Charles Adiel Lewis Totten was a Yale military science professor turned apocalyptic theorist whose writings helped establish British Israelism in the United States and popularized mathematically calculated end-times prophecy. His fusion of pyramidology, numerology, and imperial theology influenced later doomsday movements and shaped ideas that flowed into early Pentecostalism and Christian Identity thought.

Charles Adiel Lewis Totten was a professor of military science at Yale University and a self-styled prophet[1] who played a significant role in the development and popularization of British Israelism in the United States. In the late nineteenth and early twentieth centuries, Totten became widely known for his apocalyptic interpretations of history and scripture, helping to popularize end-times speculation among American audiences. As the first prominent British Israel advocate in the United States,[2] his work laid an intellectual foundation that later contributed to the emergence of the Christian Identity movement.
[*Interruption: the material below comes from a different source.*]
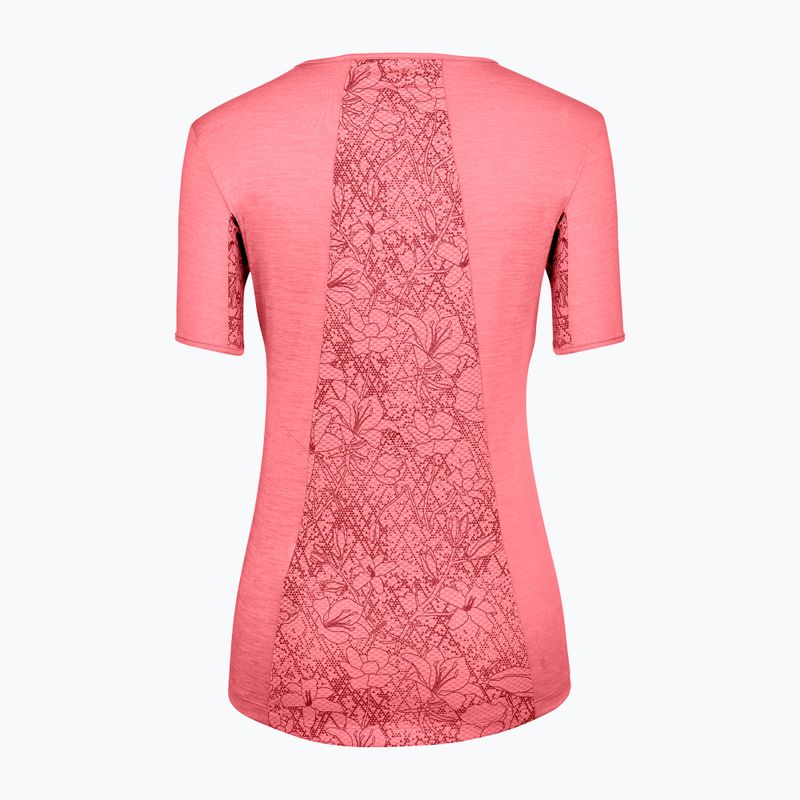 Salewa Puez Graphic 2 Dry Damen-Trekking-Shirt rosa 00-0000027400 2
Totten’s first major publication promoting British Israelism appeared in 1883 and achieved considerable circulation. When the work was reprinted in England, it attracted the attention of C. Piazzi Smyth, a Scottish astronomer and pyramidologist associated with pseudo-scientific interpretations of biblical chronology. Totten and Smyth subsequently developed a close association, and Smyth provided the introduction to Totten’s book The Order of History.[3] In later years, Totten published multiple works advancing British Israel themes, including a cryptographic interpretation of the Bible that argued the zodiac and celestial movements were divinely aligned with biblical prophecy.[4] Totten claimed these conclusions were affirmed by “the most profound and confirmed astrologist the world has ever seen,”[5] a statement generally understood as a reference to Smyth.

Totten was also a prolific doomsday predictor, employing pyramidology, numerology, and mathematical calculations to forecast wars and the end of the age. In 1892, he declared that the millennium would occur within seven years,[6] at which point the “times of the Gentiles” would conclude. His use of numerical formulas to support apocalyptic timelines established a model that later prophetic figures would imitate, particularly those who framed end-times predictions as mathematically demonstrable.
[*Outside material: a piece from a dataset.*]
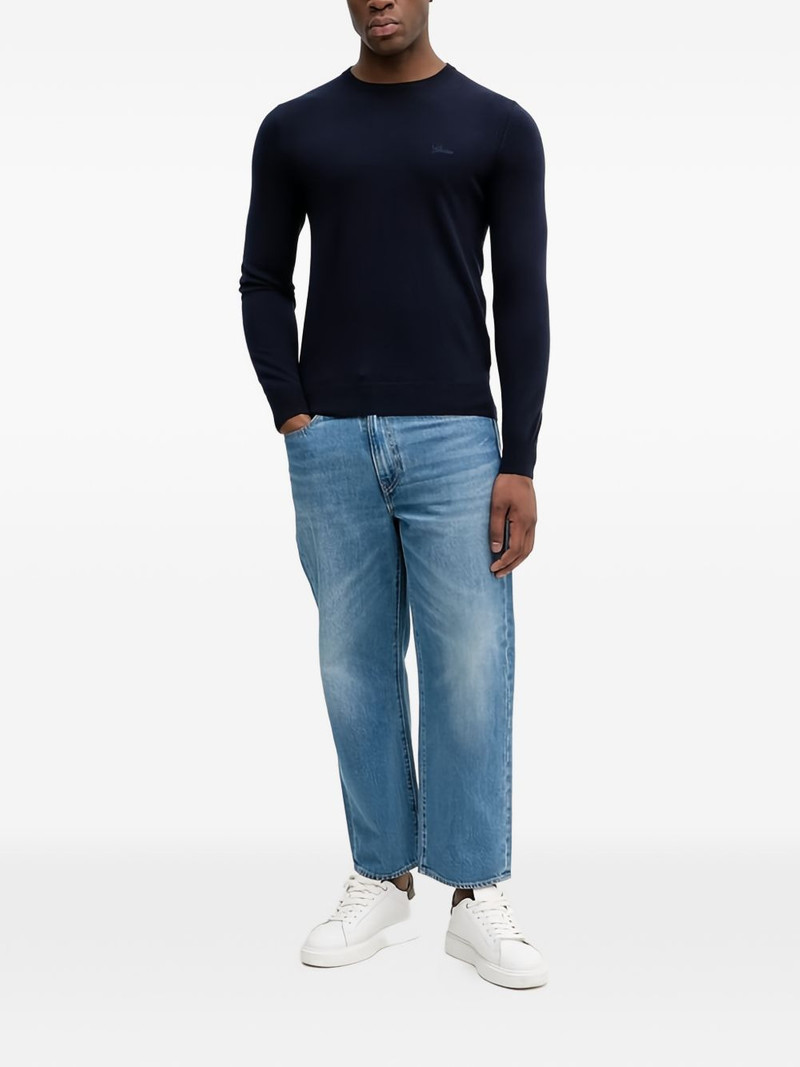 crewneck long-sleeve sweater 1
The 2520 years of "the times of the Gentiles (7@360) are within five and three-quarter years of their full solar termination. Jerusalem, which has been "trodden down," of them during this era, shall, at the end thereof, be rebuilt upon her heaps, and he who cometh, according to his promise, will save the tents of Judah first.[7]
- C. A. L. Totten

Totten’s reputation expanded when he predicted a war with Spain more than a year before it was widely considered likely, leading many observers to view his earlier speculative claims with increased seriousness.[8] By 1900, Totten was predicting a future “Universal War” involving all major nations, complete with detailed descriptions of alliances and outcomes. He asserted that England, the United States, and Germany would ultimately defeat all other powers and divide global dominance among themselves.
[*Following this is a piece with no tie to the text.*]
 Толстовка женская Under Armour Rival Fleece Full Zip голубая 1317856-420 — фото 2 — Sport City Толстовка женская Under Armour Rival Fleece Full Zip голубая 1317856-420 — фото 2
Russia against England, America and Germany, with a complete wiping out of Russia. Believe it or not, the end of it; America will be in it as much as England. Undoubtedly her interests are bound up with those of England. {...} England represents Israel, America, Egypt, and Germany represents Assyria and these three great Powers are equally concerned in events so weighty as I have enumerated. If the Bible is true, then these three Nations are to divide the world between themselves.[9]
- C. A. L. Totten

Totten’s influence extended into the formative years of Pentecostalism. A number of early Pentecostal leaders were converts to British Israelism, and Totten’s writings circulated widely within those circles. John Alexander Dowie, leader of the Christian Catholic Church and a prominent cult-of-personality figure, publicly discussed Anglo-Saxon Christian plans to reclaim Jerusalem in preparation for the Second Coming.[10] Frank Sandford, founder of the Holy Ghost and Us Society, encountered Totten’s works and described Totten as being “to Bible study what Galileo was to astronomy.”[11] Sandford incorporated Totten’s apocalyptic calculations into his own end-times expectations and communal preparations.[12]

In 1900, two of Sandford’s Bible students visited Pentecostal leader Charles Fox Parham, and Parham subsequently spent a month studying at Sandford’s communal compound in Maine before founding his own Pentecostal commune.[13] Parham also visited Dowie’s Zion City, and after Dowie’s loss of authority, Parham later declared himself to be the “Biblical Elijah,”[14] echoing the prophetic self-conceptions of both Dowie and Sandford during his attempt to seize control of Zion City.[15] Parham’s followers, known as the “Parhamites,” claimed to be the first group to speak in tongues and went on to train William Joseph Seymour, whose leadership at the Azusa Street Revival marked the beginning of modern Pentecostalism.